START Listed records

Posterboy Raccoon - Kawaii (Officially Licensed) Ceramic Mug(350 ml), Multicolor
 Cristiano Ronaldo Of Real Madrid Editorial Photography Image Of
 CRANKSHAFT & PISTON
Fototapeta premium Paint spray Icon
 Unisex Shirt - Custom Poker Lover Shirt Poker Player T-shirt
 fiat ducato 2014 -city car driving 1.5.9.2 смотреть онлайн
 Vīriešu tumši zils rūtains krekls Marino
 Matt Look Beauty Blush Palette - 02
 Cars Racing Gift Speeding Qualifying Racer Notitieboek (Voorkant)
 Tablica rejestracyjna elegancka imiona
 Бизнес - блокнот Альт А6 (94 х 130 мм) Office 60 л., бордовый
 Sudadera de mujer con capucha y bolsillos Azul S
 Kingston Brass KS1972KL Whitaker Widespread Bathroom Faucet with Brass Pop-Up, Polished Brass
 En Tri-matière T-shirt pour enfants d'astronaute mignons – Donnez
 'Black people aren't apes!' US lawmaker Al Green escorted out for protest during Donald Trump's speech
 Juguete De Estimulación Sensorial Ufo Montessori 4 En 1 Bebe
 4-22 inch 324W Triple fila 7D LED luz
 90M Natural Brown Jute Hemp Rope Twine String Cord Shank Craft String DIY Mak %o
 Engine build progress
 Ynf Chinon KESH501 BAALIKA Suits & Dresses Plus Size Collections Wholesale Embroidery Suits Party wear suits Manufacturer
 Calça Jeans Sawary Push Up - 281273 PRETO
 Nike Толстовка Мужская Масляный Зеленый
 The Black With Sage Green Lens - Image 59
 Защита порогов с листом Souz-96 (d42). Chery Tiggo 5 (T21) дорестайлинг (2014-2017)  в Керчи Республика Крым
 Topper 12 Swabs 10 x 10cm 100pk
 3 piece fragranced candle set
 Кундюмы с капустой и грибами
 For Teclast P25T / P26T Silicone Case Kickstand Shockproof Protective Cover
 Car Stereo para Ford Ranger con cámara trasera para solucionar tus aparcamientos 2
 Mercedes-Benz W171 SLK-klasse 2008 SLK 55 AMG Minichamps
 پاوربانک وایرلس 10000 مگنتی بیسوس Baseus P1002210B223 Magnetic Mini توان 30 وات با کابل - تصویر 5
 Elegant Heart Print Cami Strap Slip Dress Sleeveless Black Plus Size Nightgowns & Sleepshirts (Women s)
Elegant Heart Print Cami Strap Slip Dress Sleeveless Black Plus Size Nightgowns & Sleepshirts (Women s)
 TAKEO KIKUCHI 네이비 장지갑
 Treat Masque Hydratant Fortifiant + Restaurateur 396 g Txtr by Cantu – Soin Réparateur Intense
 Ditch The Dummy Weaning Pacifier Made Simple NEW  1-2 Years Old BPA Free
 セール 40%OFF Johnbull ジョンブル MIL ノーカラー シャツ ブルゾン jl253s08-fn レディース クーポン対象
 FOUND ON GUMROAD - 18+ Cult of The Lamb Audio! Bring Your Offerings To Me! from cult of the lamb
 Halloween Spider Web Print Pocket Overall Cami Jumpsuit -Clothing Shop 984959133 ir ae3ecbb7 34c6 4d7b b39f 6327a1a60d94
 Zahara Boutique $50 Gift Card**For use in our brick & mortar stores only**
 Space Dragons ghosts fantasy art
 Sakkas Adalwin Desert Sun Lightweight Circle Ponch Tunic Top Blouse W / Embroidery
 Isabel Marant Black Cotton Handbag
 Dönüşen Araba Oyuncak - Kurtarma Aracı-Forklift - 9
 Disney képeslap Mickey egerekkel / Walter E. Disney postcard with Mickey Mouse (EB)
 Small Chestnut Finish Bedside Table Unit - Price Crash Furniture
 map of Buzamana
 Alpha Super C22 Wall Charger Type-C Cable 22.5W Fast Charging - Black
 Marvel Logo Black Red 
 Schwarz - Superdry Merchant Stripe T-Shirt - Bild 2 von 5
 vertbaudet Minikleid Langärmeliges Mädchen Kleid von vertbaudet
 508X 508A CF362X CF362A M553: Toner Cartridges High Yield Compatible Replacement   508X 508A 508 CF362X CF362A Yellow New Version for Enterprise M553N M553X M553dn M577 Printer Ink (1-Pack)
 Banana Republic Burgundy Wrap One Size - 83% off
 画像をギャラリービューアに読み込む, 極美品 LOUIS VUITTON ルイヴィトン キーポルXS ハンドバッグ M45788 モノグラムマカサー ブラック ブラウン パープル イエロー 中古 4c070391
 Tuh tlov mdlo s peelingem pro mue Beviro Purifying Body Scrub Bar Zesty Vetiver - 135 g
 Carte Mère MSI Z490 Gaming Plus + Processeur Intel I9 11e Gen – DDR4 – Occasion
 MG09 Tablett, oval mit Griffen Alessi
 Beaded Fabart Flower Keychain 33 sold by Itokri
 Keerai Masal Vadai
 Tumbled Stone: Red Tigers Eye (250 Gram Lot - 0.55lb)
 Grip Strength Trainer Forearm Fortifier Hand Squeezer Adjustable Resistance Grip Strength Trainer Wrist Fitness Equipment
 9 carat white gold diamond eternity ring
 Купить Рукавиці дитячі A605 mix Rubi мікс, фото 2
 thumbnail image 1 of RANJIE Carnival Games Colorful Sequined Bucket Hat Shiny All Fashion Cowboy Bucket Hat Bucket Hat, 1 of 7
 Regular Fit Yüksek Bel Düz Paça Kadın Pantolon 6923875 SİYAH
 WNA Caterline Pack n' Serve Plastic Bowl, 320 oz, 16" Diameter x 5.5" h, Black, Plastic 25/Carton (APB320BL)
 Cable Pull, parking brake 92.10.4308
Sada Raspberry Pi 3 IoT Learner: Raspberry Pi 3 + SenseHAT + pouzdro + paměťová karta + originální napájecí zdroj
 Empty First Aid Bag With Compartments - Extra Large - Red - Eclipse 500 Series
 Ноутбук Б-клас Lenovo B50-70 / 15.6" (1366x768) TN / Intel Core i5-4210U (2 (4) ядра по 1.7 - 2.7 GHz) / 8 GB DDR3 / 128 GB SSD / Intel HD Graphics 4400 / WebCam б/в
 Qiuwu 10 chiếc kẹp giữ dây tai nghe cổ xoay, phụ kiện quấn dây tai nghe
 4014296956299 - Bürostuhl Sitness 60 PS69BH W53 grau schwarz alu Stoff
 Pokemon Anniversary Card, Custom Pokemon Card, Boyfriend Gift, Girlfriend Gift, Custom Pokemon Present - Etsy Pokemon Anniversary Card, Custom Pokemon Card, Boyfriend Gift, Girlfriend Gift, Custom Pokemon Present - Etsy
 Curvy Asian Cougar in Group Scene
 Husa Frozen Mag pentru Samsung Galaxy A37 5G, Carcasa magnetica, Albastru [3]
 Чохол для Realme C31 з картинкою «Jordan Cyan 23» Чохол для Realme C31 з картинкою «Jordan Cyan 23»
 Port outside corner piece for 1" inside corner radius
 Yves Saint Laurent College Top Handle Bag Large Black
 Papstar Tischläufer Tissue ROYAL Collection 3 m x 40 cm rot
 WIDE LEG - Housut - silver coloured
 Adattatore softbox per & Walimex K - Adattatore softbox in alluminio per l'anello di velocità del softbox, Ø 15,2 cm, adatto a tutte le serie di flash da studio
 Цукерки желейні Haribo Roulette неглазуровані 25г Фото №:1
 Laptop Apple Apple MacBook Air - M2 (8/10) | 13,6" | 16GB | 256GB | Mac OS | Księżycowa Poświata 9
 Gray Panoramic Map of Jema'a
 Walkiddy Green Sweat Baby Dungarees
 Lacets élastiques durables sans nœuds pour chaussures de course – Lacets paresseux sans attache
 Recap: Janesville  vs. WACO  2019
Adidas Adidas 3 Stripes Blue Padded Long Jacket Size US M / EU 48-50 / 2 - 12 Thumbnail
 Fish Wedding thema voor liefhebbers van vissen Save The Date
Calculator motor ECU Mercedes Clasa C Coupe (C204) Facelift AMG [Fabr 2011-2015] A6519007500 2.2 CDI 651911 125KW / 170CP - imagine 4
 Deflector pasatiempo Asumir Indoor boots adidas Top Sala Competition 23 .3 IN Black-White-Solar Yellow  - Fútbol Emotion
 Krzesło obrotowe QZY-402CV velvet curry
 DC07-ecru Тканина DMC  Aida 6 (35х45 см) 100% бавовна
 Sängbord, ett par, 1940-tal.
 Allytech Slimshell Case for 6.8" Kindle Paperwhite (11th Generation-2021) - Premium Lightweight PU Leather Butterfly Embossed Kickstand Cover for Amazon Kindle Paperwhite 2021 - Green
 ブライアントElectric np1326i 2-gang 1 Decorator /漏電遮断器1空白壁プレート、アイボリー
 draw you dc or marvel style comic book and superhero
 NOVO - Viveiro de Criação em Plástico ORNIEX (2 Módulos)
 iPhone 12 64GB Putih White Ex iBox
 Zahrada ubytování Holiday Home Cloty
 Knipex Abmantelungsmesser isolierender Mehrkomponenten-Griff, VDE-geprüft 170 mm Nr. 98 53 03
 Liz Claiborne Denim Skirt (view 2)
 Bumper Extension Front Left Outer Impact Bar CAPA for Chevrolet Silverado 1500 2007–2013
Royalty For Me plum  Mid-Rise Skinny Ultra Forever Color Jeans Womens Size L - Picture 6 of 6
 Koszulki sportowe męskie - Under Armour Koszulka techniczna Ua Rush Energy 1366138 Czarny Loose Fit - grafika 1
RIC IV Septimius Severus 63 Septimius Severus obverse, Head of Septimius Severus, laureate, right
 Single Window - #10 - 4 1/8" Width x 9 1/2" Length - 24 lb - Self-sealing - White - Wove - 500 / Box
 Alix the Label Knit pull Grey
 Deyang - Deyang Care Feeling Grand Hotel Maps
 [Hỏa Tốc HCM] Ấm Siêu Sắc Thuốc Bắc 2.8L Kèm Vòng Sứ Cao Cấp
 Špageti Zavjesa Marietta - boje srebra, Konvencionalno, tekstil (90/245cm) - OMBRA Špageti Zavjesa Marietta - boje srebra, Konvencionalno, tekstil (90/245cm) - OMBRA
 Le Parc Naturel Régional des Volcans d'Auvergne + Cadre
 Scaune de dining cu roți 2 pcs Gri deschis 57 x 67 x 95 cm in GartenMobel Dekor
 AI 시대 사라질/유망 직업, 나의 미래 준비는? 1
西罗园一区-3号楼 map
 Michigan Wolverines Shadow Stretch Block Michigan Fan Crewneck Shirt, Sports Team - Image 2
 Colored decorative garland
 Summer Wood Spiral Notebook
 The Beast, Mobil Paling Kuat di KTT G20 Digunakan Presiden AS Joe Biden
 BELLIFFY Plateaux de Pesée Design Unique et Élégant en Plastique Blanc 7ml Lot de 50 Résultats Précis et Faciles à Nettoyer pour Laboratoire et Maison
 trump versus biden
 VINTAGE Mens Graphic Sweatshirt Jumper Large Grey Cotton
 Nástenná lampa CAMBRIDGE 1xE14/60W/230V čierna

END Listed records

▶ [What needs to be done]:
Only the lines above from the one with "Koszulki sportowe męskie" through the one with "[Hỏa Tốc HCM]" should be duplicated, character for character.

▶ [Answer to this task]:
 Koszulki sportowe męskie - Under Armour Koszulka techniczna Ua Rush Energy 1366138 Czarny Loose Fit - grafika 1
RIC IV Septimius Severus 63 Septimius Severus obverse, Head of Septimius Severus, laureate, right
 Single Window - #10 - 4 1/8" Width x 9 1/2" Length - 24 lb - Self-sealing - White - Wove - 500 / Box
 Alix the Label Knit pull Grey
 Deyang - Deyang Care Feeling Grand Hotel Maps
 [Hỏa Tốc HCM] Ấm Siêu Sắc Thuốc Bắc 2.8L Kèm Vòng Sứ Cao Cấp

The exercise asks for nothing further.